Higher than expected capital tax revenues reinforces general government net lending

31 August 2018 | News

Tax revenues have been revised up in the Swedish National Financial Management Authority’s (ESV) new forecast, as a result of a stronger than expected outcome for 2017. Forecasted public expenditure has only changed marginally. The surplus in net lending has been revised up for both 2018 and 2019.

GDP growth remains high, but as of the second half of this year, the growth rate will slow and the high resource utilisation in the economy will start to fall. Our forecast of the macro economy is largely unaltered since our June forecast.
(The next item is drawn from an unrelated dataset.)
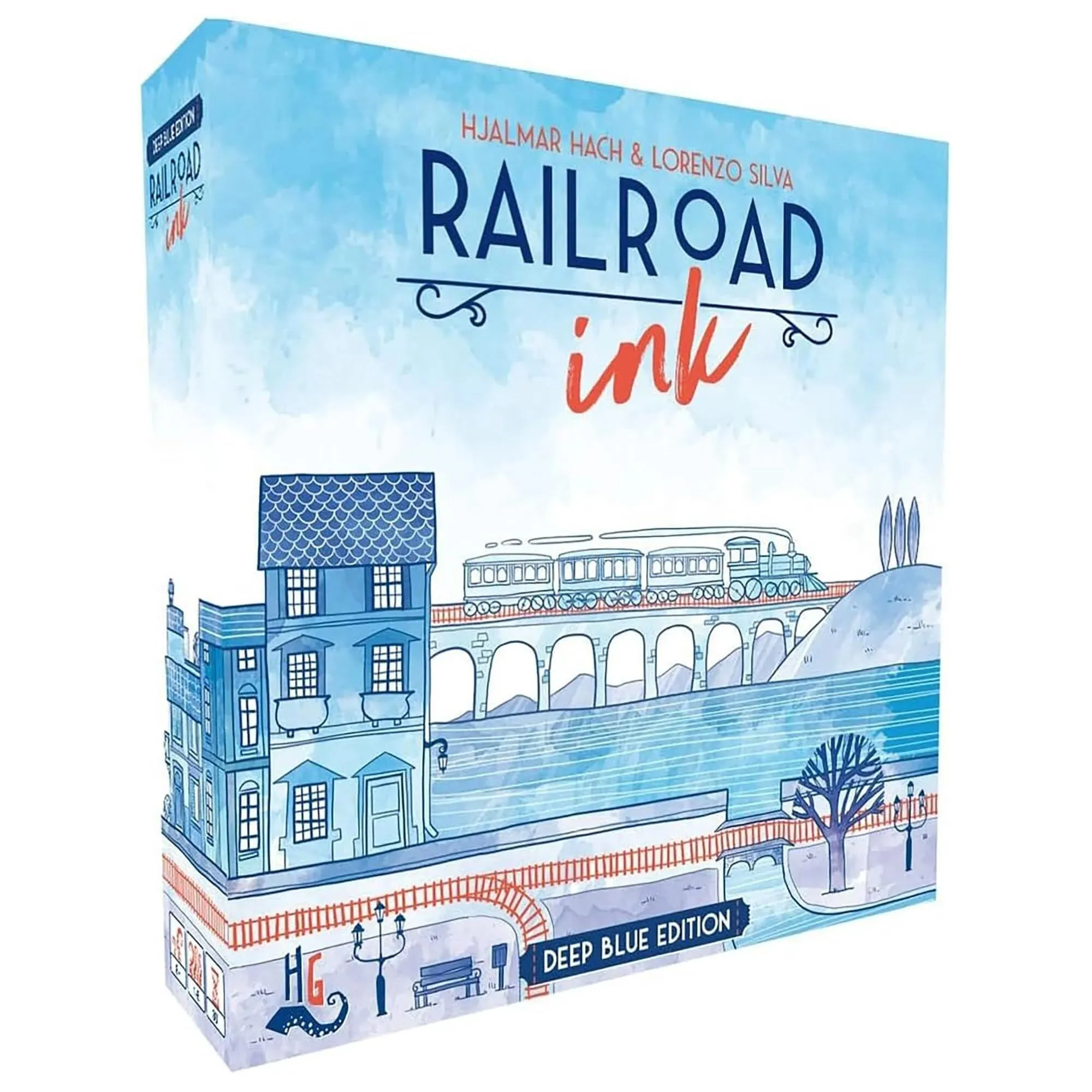 Railroad Ink: Deep Blue Edition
Compared to last year, total tax revenues will increase at a considerably slower rate both this year and the next. Revenues from tax on corporate profits and households' capital income, including dividend income, have been revised up compared to our June forecast. This is due to a stronger than expected outcome for 2017, which raises the level for the present year and the years ahead.
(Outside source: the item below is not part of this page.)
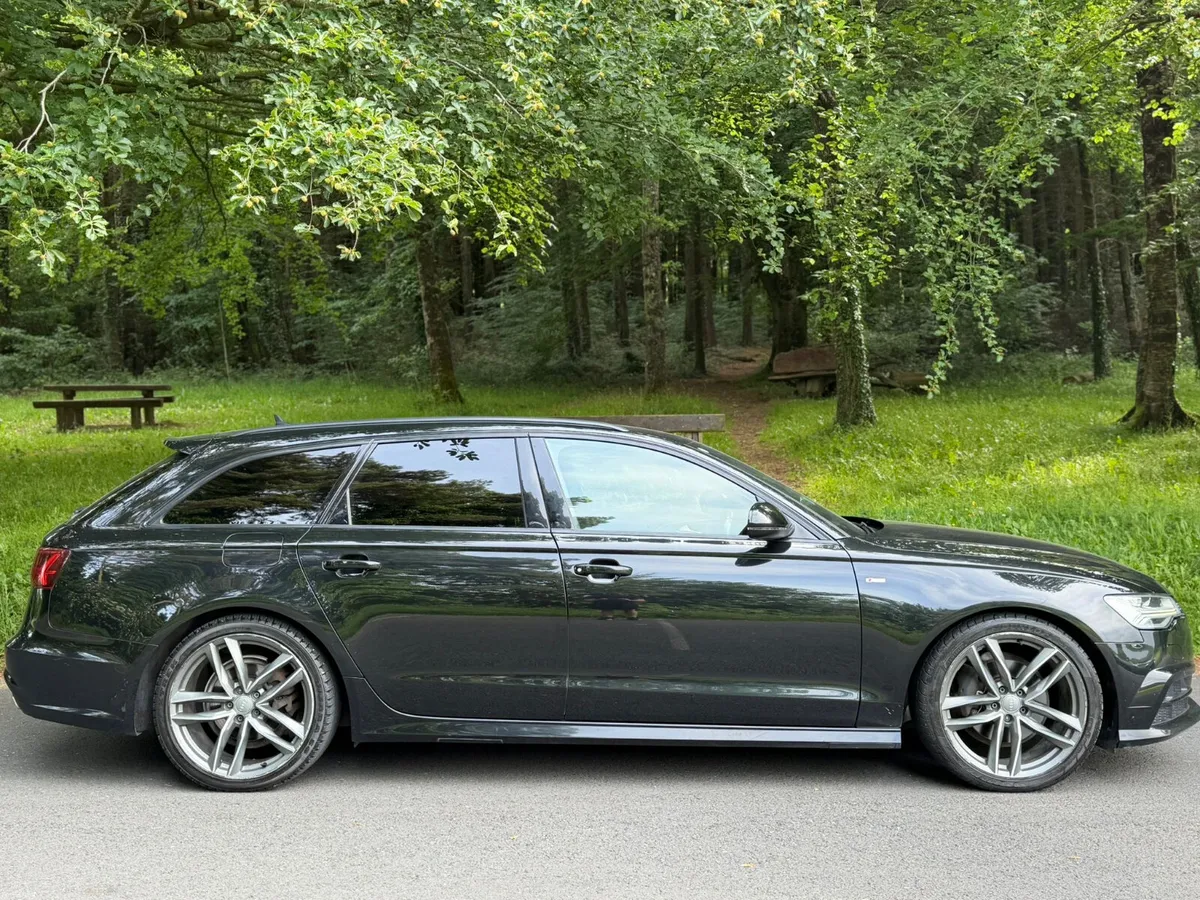 2017 Audi A6 S-Line Black edition estate! - Image 6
Expenditure increases greatly this year, primarily as a result of measures in the latest budget bills. However, substantially lower expenditure on migration restrains the overall rise in expenditure. The margin to the spending cap is considerable. Expenditure subject to the spending cap has been lowered marginally compared to our June forecast.
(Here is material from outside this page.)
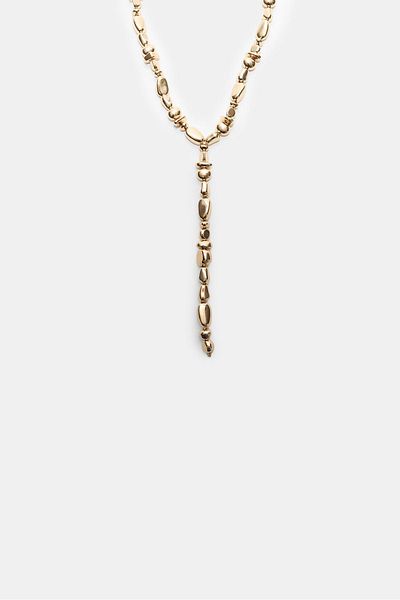 Stradivarius Lariat necklace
General government net lending weakens from 1.3 per cent of GDP last year to 0.9 per cent of GDP this year, and continues to decrease somewhat next year. Compared to our June forecast, net lending has been revised up by 0.4 percentage points both for 2018 and 2019.

From 2019, the surplus target will be lowered to one third of a per cent of GDP. The structural budget balance is the indicator which shall be used to ex ante monitor net lending against the new surplus target level. According to our forecast, the structural budget balance will be 0.5 per cent of GDP in 2019, and thus somewhat higher than the target level.